Gameplay é o coração da experiência
O grande destaque de Minos, sem sombras de dúvidas, está no gameplay, e aqui ele consegue se diferenciar. Sua base mistura tower defense com elementos roguelite, mas com um detalhe importante: você não apenas posiciona armadilhas, como também manipula o próprio Labirinto para controlar o fluxo dos inimigos.
A cada rodada, invasores tentam atravessar o cenário, e cabe ao jogador posicionar armadilhas e alterar caminhos para maximizar sua eficiência. No começo, a lógica é simples, mas rapidamente o jogo exige planejamento mais cuidadoso.
Fechar rotas, forçar inimigos a passarem por determinados pontos e reposicionar armadilhas se torna essencial. E é justamente aí que Minos cresce. As armadilhas possuem funções específicas e não funcionam igualmente contra todos os inimigos. Conforme novas ameaças surgem, algumas estratégias deixam de ser viáveis, obrigando o jogador a se adaptar. Inimigos imunes a certos tipos de dano, por exemplo, quebram padrões que funcionavam até então.


Além disso, o próprio Labirinto passa a limitar suas opções. Em determinados momentos, há menos liberdade para manipular caminhos, enquanto em outros você precisa gastar recursos para abrir novas rotas manualmente. Isso adiciona uma necessidade de planejamento e estratégia raramente vista. Conseguir antever os passos de cada um dos inimigos e conseguir executar uma rodada perfeita, é incrivelmente prazeroso.
O combate direto também existe. Como Minotauro, é possível enfrentar inimigos, mas isso envolve risco, já que você pode sofrer dano, pode morrer compremtendo sua run e também perde o modificador de “perfeição” ganhando menos recursos.



A progressão roguelite fecha bem esse ciclo.
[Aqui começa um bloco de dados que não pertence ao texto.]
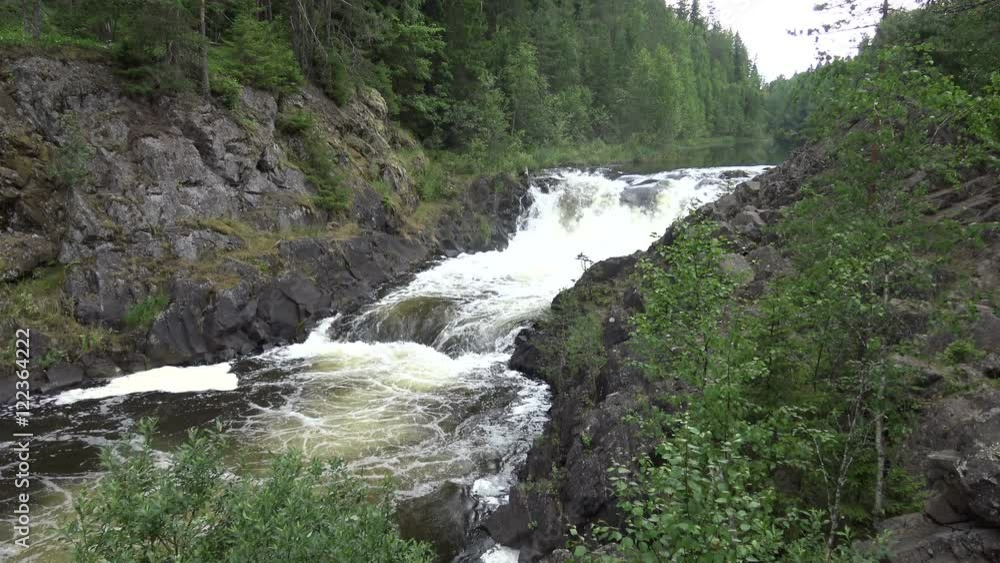 Panorama Waterfall on the rocks in wild nature. Rapid and wild streams of water falls up close. Northern rivers on the rocky ledges. Panorama Waterfall on the rocks in wild nature. Rapid and wild streams of water falls up close. Northern rivers on the rocky ledges.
A cada tentativa, você acumula recursos que permitem desbloquear novas armadilhas, melhorar atributos e criar builds diferentes. Ou seja, após sua morte, você voltará mais forte como minotauro, assim como entenderá melhor as mecânicas, seus inimigos e armadilhas. Há também sistemas de modificadores e amuletos que alteram regras do jogo colocando na mão do jogador tomadas de decisões que podem mudar o rumo de suas recompensas.
Esse conjunto cria uma experiência que começa simples, mas ganha complexidade rapidamente. E mais importante: é aquele tipo de jogo que prende pela evolução constante. Você erra, aprende, volta mais forte e tenta de novo.

Minos é uma grata surpresa
Minos é um jogo que se apoia quase totalmente no seu gameplay e faz isso funcionar, sem grandes dificuldades.
A mistura de tower defense com roguelite é bem executada, trazendo um nível de estratégia que cresce conforme o jogador avança. A narrativa, embora simples, ajuda a dar contexto e surpreende positivamente dentro da proposta.
Não é um jogo que vai se destacar por gráficos ou trilha sonora, mas também não precisa disso. Ele entende bem o que quer ser e entrega uma experiência consistente.
No fim, Minos é uma recomendação fácil para quem gosta de jogos estratégicos e de evolução progressiva, especialmente aqueles que valorizam planejamento e adaptação a cada nova tentativa.